Não há razão para se colocar a imagem simbólica do La Moneda em chamas, vítima do brutal golpe de estado patrocinado pela CIA. A memória de Allende, para mim, é similar a da foto, um estadista voltado para as necessidades de seu país, dedicado a sanar as desigualdades a partir de um governo socialista humanista, sempre preservando a democracia parlamentar. O golpe de 11 de setembro, embora previsível, o tomou de surpresa. No derradeiro jantar em Tomás Moro (tão apropriada designação!), a residência oficial do presidente, na companhia de alguns ministros e colaboradores, o clima de tensão se instala com chamadas telefônicas indicando a movimentação militar desde Valparaíso. Estava previsto para o dia seguinte um discurso em cadeia nacional, em que Allende faria conhecer, segundo o testemunho de seu assessor espanhol, Joan Garcés, uma proposta para reordenar as instituições do estado por vias democráticas. 

Não houve tempo. Segundo o livro de Patricia Verdugo, Allende - cómo la Casa Blanca provocó su muerte, logo pela manhã de 11 de setembro, o presidente deixou sua residência para alcançar o La Moneda. Os movimentos da comitiva estavam sendo monitorados pelo serviço de inteligência golpista, e ultrapassava os limites do Chile. Segundo as palavras de Patricia, A esa misma hora, en Valparaíso, el teniente coronel Patrick J. Ryan, de la US Navy, se comunicaba con la central en Panamá: "Con el jefe de señales Paul Eppley a cargo de la radio y el teniente Roger Frauenfelder redactando el mensaje, pudimos comunicarnos a las oficinas centrales de la Zona del Canal de Panamá. Se evitó específicamente culquier referencia a la situación en Santiago, ya que cualquier estimación sólo podría haber sido conjetura".
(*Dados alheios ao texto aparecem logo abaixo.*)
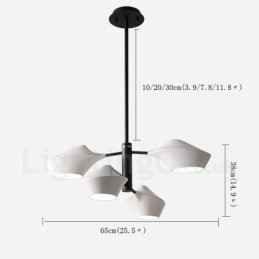 Twee lagen lineaire retro kroonluchter 4 lichts met acryl kappen buiten garage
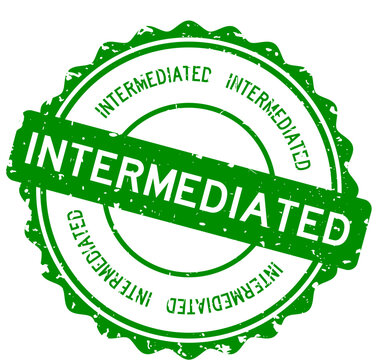 Grunge green intermediated word round rubber seal stamp on white background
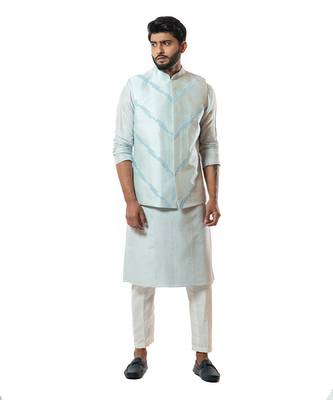 Ice Blue Embellished Nehru Jacket 1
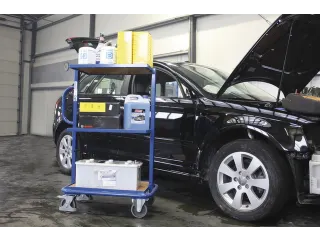 Bijzetwagen 200kg Eurobakken Met 3 Etages Hout Vast 820x455mm Ral5010 - 3
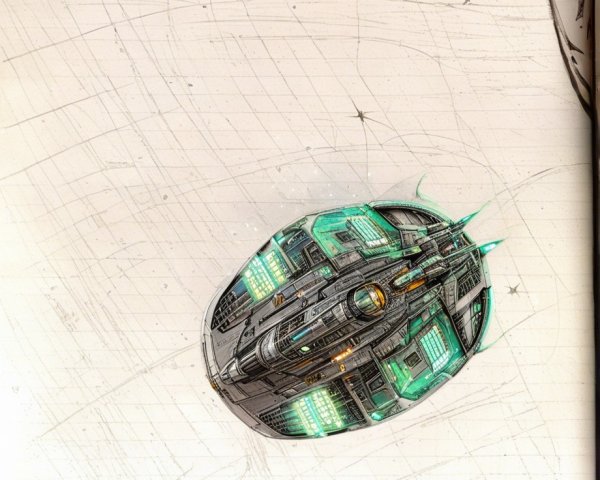 Futuristic Oval Spacecraft Design with Teal Lights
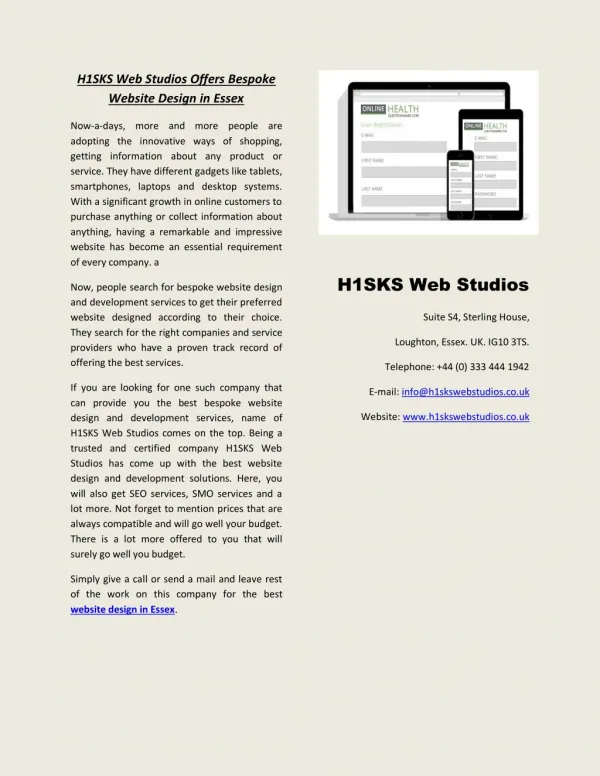 H1SKS Web Studios Offers Bespoke Website Design in Essex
Ainda havia incertezas do lado golpista. Não se sabia exatamente como reagiria o poder popular dos cordones industriales, onde se acreditava que ocorreria uma possível reação ao golpe por parte dos operários, coordenados pelas centrais sindicais. 

Mas aos poucos, ao longo da manhã, o presidente se veria cada vez mais isolado, perdendo todo o apoio militar, inclusive da força de Carabineros, e político. Allende estava isolado, na companhia de sua guarda pessoal, alguns políticos fiéis e suas filhas. Sucederam-se então, as quatro locuções ao povo, o feroz bombardeio começado por volta das 11h, a rendição do palácio e a morte do presidente. Para quem tiver estômago forte, segue aqui, durante uma hora e meia, as ações do comando golpista, comandadas por Pinochet. 

Recentemente terminei um texto acadêmico, não conseguindo me furtar da referência de Allende sobre as grandes alamedas da democracia contida em sua última locução, emitida pela rádio Magallanes. Retomo a imagem acima, uma caminhada pública que emana leveza, já o disse, mas também justiça, paz, desejo de solidariedade. Não há como aceitar que esses anseios, cálidos e serenos anseios, sejam suprimidos pela barbárie golpista.